Isto o permite afirmar que "interessa especialmente ter em conta que os actos através dos quais são produzidas as normas jurídicas apenas são tomados em consiste, ração, do ponto de vista do conhecimento jurídico em geral, na medida em que são determinados por outras normas jurídicas"(15).
Compreendendo portanto esta circularidade, outra natureza não poderia ter a Constituição dentro da teoria de Kelsen do que ser uma "norma", tanto no sentido subjetivo como no sentido objetivo. Ato de vontade dirigido aos sujeitos e que os vincula.
Paralelamente, emerge a necessidade de distinguir a Constituição como norma que é das outras normas postas, pois não poderia ela ser qualquer norma e, assim, ele começa a delimitar os elementos que permitem-na ser caracterizada como norma fundamental. Pari passu, há necessidade de encontrar uma justificação téorica para esta norma fundamental que também é posta, ou seja o seu fundamento último, e seguindo o paradigma fundamental estabelecido este fundamento deverá necessariamente ser uma norma, a qual ele atribui o nomen de norma hipotética fundamental, norma esta pressuposta.
Desta forma, apesar do caráter lógico-epistêmico do pensamento kelseniano, na solução para encontrar um fundamento especifico do Direito (a norma), válida a lição Paulo de Tarso Ramos Ribeiro que, fundado na lição de BOBBIO de que o positivismo jurídico pode ser caracterizado como uma ideologia da justiça, pela identificação da justiça das normas com a sua validade, leciona que :
" Nesse pano de fundo ideológico, não é possível desvincular os conceitos de norma e valor, validade e justiça, direito e moral. E isto, porque, de uma forma singular, o inverso também é verdadeiro; isto é, se de um lado a lógica positivista aceita, e até mesmo proclama a desvinculação epistemológica entre direito e moral como uma espécie de ethos próprio, de outro, sem a vinculação final entre eles, no sentido de uma justificação (axiológica) última dos meios(normas) não se chega à obediência civil. Vale dizer, o resultado final só é obtido com a vinculação: as normas devem ser obedecidas enquanto tais, porque justas; a obediência às normas jurídicas é, sob esse ângulo, um dever moral..

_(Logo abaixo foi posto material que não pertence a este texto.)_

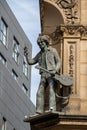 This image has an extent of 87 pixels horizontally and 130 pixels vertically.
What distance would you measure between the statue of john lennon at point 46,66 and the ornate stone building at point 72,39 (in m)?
0.29

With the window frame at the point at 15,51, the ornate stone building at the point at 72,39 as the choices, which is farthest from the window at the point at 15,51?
the ornate stone building at the point at 72,39

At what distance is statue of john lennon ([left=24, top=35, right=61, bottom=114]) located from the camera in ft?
54.5

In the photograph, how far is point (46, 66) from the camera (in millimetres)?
16875

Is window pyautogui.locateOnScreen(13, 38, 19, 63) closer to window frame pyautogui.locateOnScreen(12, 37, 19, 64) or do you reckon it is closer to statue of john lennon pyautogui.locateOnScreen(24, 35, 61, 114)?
window frame pyautogui.locateOnScreen(12, 37, 19, 64)

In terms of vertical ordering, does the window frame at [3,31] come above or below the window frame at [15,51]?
above

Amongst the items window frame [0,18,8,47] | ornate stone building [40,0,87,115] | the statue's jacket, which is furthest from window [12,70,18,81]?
Result: the statue's jacket

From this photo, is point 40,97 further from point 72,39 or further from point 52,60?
point 72,39

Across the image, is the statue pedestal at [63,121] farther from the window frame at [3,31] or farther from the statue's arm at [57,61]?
the window frame at [3,31]

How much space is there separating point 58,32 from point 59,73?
1.36 meters

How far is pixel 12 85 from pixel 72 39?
44.5 m

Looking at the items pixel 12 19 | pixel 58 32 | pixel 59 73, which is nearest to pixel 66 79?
pixel 59 73

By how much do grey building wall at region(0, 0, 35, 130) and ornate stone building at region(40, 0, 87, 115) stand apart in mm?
38659

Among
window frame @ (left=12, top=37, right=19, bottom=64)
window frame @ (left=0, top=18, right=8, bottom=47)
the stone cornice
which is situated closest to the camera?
the stone cornice

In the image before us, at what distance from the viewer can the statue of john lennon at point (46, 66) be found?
16.6 meters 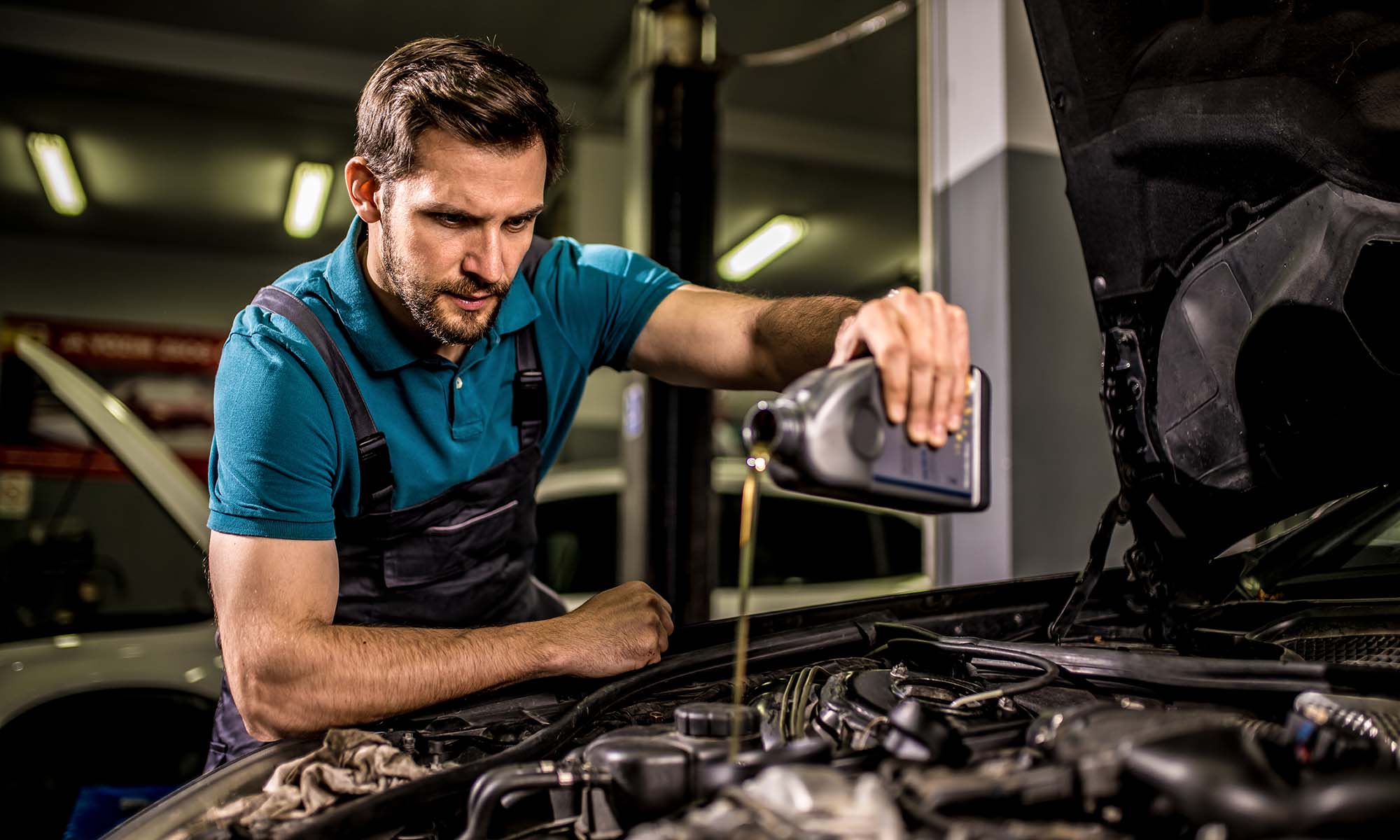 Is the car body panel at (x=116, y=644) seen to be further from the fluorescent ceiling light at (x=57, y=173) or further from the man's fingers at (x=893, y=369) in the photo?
the fluorescent ceiling light at (x=57, y=173)

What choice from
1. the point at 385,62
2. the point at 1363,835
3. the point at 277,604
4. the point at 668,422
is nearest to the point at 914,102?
the point at 668,422

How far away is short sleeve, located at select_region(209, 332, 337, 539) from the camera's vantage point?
51.9 inches

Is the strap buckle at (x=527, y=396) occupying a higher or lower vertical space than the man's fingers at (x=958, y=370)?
higher

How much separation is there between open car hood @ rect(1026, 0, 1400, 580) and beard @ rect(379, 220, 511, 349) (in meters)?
0.87

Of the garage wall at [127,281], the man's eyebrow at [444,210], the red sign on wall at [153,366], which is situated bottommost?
the man's eyebrow at [444,210]

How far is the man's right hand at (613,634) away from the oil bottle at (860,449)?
0.44m

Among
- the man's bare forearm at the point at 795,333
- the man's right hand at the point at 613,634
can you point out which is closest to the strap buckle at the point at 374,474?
the man's right hand at the point at 613,634

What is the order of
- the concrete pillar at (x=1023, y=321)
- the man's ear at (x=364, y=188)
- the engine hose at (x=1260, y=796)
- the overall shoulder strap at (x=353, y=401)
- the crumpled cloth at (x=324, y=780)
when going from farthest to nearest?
the concrete pillar at (x=1023, y=321), the man's ear at (x=364, y=188), the overall shoulder strap at (x=353, y=401), the crumpled cloth at (x=324, y=780), the engine hose at (x=1260, y=796)

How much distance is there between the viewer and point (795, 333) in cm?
155

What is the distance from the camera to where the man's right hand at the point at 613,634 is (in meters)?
1.26

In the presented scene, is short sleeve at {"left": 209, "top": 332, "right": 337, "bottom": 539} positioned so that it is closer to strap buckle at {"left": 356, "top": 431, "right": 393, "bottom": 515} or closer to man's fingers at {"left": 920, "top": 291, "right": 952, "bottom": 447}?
strap buckle at {"left": 356, "top": 431, "right": 393, "bottom": 515}

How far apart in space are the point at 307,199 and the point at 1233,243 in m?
7.18

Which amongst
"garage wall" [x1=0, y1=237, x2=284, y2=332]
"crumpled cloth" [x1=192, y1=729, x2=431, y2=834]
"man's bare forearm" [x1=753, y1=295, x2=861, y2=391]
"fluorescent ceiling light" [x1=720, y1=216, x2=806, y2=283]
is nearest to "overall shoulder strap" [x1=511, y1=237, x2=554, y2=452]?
"man's bare forearm" [x1=753, y1=295, x2=861, y2=391]

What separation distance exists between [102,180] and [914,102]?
574 cm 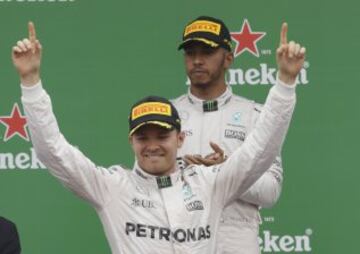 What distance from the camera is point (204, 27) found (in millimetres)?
3656

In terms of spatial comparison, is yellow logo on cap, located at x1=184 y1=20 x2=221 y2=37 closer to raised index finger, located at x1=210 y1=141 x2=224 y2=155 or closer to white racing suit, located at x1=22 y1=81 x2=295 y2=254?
raised index finger, located at x1=210 y1=141 x2=224 y2=155

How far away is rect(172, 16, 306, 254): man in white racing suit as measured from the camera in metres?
3.51

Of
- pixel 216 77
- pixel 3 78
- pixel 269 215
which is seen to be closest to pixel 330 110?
pixel 269 215

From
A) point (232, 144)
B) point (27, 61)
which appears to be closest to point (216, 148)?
point (232, 144)

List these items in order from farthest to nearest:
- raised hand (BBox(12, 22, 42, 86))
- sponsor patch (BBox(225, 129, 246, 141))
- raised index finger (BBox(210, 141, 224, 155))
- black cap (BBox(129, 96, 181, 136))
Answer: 1. sponsor patch (BBox(225, 129, 246, 141))
2. raised index finger (BBox(210, 141, 224, 155))
3. black cap (BBox(129, 96, 181, 136))
4. raised hand (BBox(12, 22, 42, 86))

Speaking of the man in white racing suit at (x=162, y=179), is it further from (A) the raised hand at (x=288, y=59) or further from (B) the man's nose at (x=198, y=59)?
(B) the man's nose at (x=198, y=59)

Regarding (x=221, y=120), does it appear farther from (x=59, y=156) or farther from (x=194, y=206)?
(x=59, y=156)

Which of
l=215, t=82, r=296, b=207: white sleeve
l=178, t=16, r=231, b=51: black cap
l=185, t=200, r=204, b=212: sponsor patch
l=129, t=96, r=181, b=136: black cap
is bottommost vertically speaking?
l=185, t=200, r=204, b=212: sponsor patch

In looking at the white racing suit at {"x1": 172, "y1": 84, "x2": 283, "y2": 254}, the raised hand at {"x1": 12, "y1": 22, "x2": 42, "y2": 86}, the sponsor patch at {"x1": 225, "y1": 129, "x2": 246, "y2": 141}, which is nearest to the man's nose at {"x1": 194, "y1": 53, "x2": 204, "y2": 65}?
the white racing suit at {"x1": 172, "y1": 84, "x2": 283, "y2": 254}

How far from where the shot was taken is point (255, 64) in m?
4.24

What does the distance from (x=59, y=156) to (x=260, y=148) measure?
545 millimetres

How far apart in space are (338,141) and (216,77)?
79 centimetres

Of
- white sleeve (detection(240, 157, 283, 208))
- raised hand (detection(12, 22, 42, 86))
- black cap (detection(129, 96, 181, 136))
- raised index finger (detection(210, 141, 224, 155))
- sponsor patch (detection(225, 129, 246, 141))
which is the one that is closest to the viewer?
raised hand (detection(12, 22, 42, 86))

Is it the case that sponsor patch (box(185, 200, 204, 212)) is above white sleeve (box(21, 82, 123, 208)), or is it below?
below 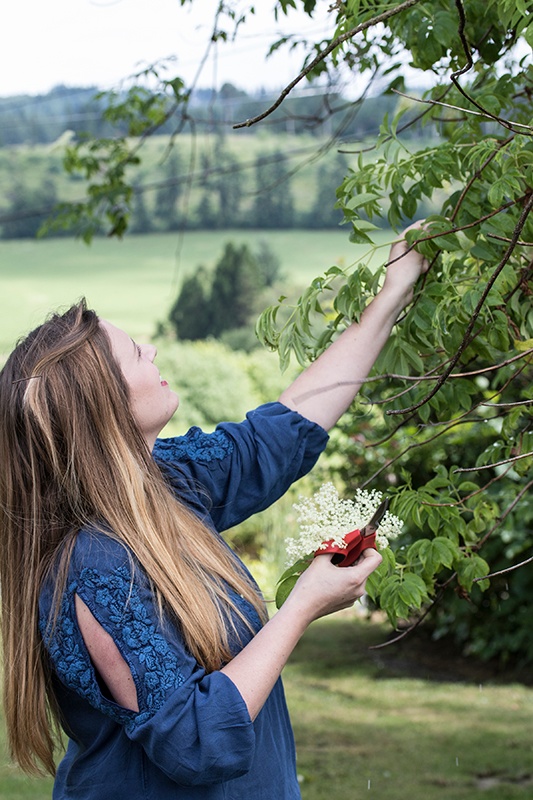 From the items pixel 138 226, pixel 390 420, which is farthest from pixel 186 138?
pixel 390 420

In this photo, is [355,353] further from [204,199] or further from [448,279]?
[204,199]

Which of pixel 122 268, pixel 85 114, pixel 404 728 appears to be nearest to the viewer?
pixel 404 728

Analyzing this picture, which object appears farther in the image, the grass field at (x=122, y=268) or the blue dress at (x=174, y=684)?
the grass field at (x=122, y=268)

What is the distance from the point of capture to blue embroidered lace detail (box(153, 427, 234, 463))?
180cm

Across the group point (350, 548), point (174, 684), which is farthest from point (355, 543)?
point (174, 684)

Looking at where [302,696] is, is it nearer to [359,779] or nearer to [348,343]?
[359,779]

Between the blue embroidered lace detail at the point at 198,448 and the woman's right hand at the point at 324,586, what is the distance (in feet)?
1.47

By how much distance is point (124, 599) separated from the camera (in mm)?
1353

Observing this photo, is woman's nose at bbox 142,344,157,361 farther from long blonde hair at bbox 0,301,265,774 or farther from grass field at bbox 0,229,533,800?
grass field at bbox 0,229,533,800

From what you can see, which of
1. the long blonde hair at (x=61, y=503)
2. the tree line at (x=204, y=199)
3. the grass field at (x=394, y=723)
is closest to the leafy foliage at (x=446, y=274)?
the long blonde hair at (x=61, y=503)

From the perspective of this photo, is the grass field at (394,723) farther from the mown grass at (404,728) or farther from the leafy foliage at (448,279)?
the leafy foliage at (448,279)

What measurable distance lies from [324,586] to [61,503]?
45cm

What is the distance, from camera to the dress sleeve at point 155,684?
128 centimetres

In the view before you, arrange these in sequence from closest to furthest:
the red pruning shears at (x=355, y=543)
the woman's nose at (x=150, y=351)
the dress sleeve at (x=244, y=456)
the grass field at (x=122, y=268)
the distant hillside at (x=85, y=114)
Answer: the red pruning shears at (x=355, y=543)
the woman's nose at (x=150, y=351)
the dress sleeve at (x=244, y=456)
the distant hillside at (x=85, y=114)
the grass field at (x=122, y=268) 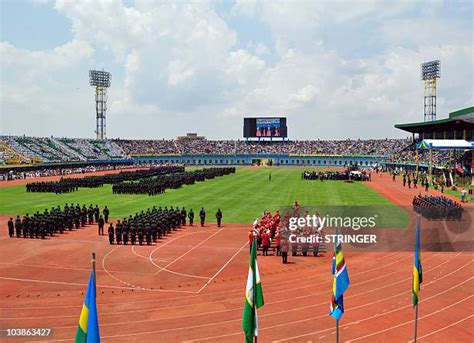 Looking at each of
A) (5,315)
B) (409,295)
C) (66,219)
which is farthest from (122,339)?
(66,219)

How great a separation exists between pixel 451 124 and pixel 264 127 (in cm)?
5602

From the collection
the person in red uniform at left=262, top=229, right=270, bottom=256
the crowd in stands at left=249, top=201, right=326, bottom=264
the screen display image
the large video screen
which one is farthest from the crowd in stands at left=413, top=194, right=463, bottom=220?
the screen display image

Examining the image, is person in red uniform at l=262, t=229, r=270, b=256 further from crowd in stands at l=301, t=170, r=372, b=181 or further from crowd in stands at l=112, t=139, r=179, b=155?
crowd in stands at l=112, t=139, r=179, b=155

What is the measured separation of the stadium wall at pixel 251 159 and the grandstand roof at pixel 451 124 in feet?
76.3

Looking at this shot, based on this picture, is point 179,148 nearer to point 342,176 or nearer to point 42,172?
point 42,172

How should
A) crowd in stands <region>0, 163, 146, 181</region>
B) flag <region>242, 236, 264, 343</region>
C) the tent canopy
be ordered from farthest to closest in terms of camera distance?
1. crowd in stands <region>0, 163, 146, 181</region>
2. the tent canopy
3. flag <region>242, 236, 264, 343</region>

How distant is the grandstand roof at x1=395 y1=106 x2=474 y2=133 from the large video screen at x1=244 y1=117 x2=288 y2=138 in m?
33.3

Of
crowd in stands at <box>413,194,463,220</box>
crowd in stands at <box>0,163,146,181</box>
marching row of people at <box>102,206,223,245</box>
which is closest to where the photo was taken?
marching row of people at <box>102,206,223,245</box>

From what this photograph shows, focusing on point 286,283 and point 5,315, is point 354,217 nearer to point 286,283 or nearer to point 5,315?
point 286,283

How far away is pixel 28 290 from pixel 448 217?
2334 centimetres

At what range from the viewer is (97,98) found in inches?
4419

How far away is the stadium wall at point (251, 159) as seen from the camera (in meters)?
112

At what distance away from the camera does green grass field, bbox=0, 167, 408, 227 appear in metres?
32.2

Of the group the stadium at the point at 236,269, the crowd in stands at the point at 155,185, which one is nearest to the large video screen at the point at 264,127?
the crowd in stands at the point at 155,185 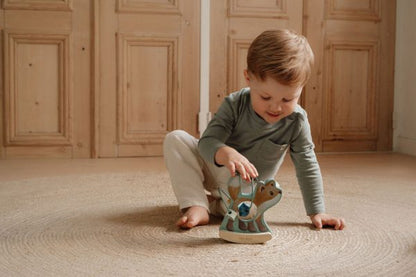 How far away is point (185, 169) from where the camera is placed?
149cm

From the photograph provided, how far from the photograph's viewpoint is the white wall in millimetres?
2918

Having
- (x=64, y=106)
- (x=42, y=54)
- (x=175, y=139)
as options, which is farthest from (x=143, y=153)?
(x=175, y=139)

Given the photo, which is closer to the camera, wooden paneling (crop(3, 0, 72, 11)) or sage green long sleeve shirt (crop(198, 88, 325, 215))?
sage green long sleeve shirt (crop(198, 88, 325, 215))

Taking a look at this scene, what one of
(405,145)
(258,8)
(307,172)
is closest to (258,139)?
(307,172)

Mesmo para um autor como Kelsen, o primus inter pares do positivismo jurídico, não lhe foi possível suprimir de todo de sua Teoria Pura do Direito a discussão acerca do fundamento último da obrigação de obedecer, que nele culmina com a norma fundamental pressuposta de natureza lógico-transcendental. Com ela, é forçoso constatar a prevalência de valores éticos, se não na eleição das pautas normativas, na sua obediência. Ainda que, com isso, não se esteja a afirmar, de modo algum, a renúncia kelseniana ao rigor metodológico positivista na formulação de sua teoria geral, conquanto em sua obra se limite a enunciar a interrupção momentânea do relativismo moral, que conduz ao infinito a reflexividade dos valores que enformam as normas jurídicas, por uma norma, fundamento de validade das demais, aceita por todos porque pressuposta"(16)
O próprio Kelsen sabe reconhecer os limites pressuposição da norma hipotética fundamental, ressaltando que embora seja possível pensar as ordens jurídicas sem pressupor a norma fundamental, como relações entre indivíduos que comandam e indivíduos eu obedecem ou não obedecem, lembra que isto é, sociológica e não juridicamente, dado que a norma fundamental, como norma pensada ao fundamentar a validade do Direito positivo, é apenas a condição lógico-transcendental desta interpretação normativa, ela não exerce qualquer função ético-política mas tão só uma função teorético-gnoseológica(17).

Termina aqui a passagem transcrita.